Читать «Межледниковье» онлайн - страница 2
Олег Аркадьевич Тарутин
Уничтожить-то компромат я уничтожил, но многое из спаленного осталось в памяти и всплывает иногда оттуда, вызывая то чувство снисходительного умиления, то чувство неловкости, близкое к стыду. Иногда же у меня возникает желание мысленно прокомментировать сочиненное когда-то, что-то похерить с негодованием, что-то прояснить, а что-то даже и подтвердить с позиций сегодняшнего дня.
Подтверждаю: до старости я дожил. Повезло мне или не повезло вопрос спорный, но факт есть факт. Вставной челюсти, правда, пока не имею, за неимением средств на ее изготовление, о чем постоянно сожалею, обходясь остатними зубами. Нет и предсказанной лысины. Что же касается напророченного «мемуарного зуда» — подтверждаю безоговорочно: он появился и прогрессирует, лишая меня покоя. Чувствую, избавиться от этого зуда можно лишь, начав писать эти самые мемуары. Но как избежать почти неминуемого криводушия, как ухитриться фразу за фразой, страницу за страницей говорить только правду, хотя бы в том виде, в котором события помнятся теперь? Как не порадеть себе, любимому, не подчищая того, о чем вспоминается со стыдом, не подчищать, как в школьном дневнике, превращая тройку в пятерку, а единицу в четверку?
Впрочем, мемуары — не исповедь, и я не Жан-Жак Руссо (настолько же, насколько не Эренбург или, скажем, Катаев). А способ избежать лжи существует очень простой: перед тем, как соврать, поставь многоточие.

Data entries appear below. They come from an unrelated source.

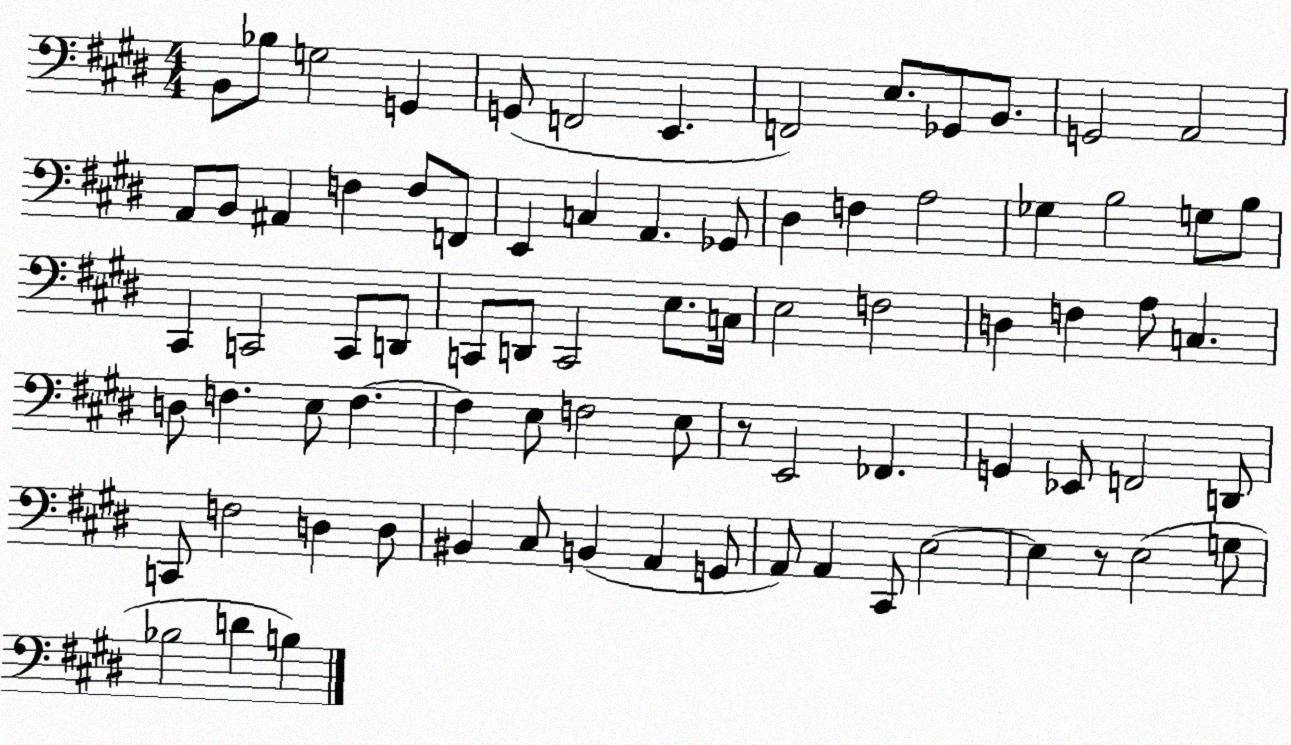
X:1
T:Untitled
M:4/4
L:1/4
K:E
B,,/2 _B,/2 G,2 G,, G,,/2 F,,2 E,, F,,2 E,/2 _G,,/2 B,,/2 G,,2 A,,2 A,,/2 B,,/2 ^A,, F, F,/2 F,,/2 E,, C, A,, _G,,/2 ^D, F, A,2 _G, B,2 G,/2 B,/2 ^C,, C,,2 C,,/2 D,,/2 C,,/2 D,,/2 C,,2 E,/2 C,/4 E,2 F,2 D, F, A,/2 C, D,/2 F, E,/2 F, F, E,/2 F,2 E,/2 z/2 E,,2 _F,, G,, _E,,/2 F,,2 D,,/2 C,,/2 F,2 D, D,/2 ^B,, ^C,/2 B,, A,, G,,/2 A,,/2 A,, ^C,,/2 E,2 E, z/2 E,2 G,/2 _B,2 D B, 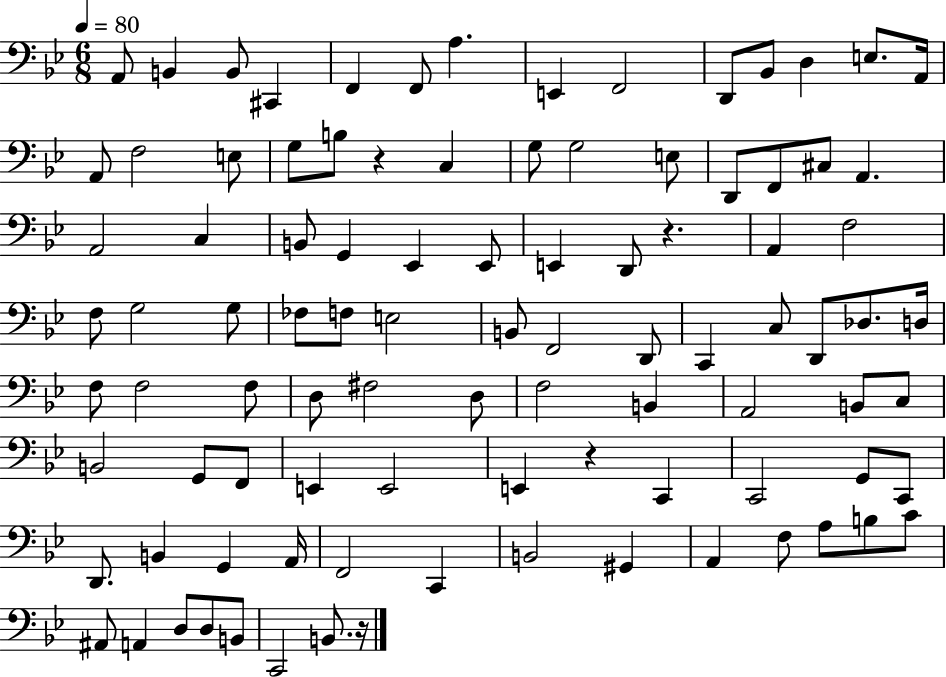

Таким образом, последняя фраза в моих мемуарах, кончающаяся многоточием, и будет той фразой, за которой последовало бы неминуемое вранье.
1
Как рекомендовано в цитированном опусе: оглянуться мысленно, отыскивая в памяти исток…
Я не буду касаться того, с чего обычно начинаются мемуары: предки, родители, младенчество, семейный уклад… Мне хочется начать с истоков того, что сделалось моим жизненным призванием.
Скажу только, что родители мои были людьми замечательными и очень мною любимыми, что родился я в Ленинграде и в шестилетнем возрасте угодил в блокаду, что наша семья (родители, брат, четырьмя годами старше меня, и я), чудом выжившая в блокаде (отец — ополченец, комиссованный по дистрофии, мать — участковый врач, под обстрелами ходившая на вызовы), семья была вывезена по ладожскому льду в лютом феврале сорок второго, эвакуировалась в Омск, к родственникам, а в сорок пятом возвратилась в город, где я пошел уже в третий класс.
Мы жили во дворе Этнографического музея (отец был этнографом и тогда работал там), в замечательном дворе, который временами снится мне до сих пор. Двор тянулся вдоль тыльной стороны музея, отделяясь от Михайловского сада лишь сетчатым забором.
Этнографический музей, в знаменитый Розовый зал которого попала фугаска, оставив там глубокую воронку, был наглухо закрыт и доступен лишь музейным работникам, совершавшим там периодические обходы. Но существовал тайный лаз в музей через котельную в глубине двора и далее, с поставленных друг на друга ящиков, через вполне пролазную пробоину в кирпичной стене.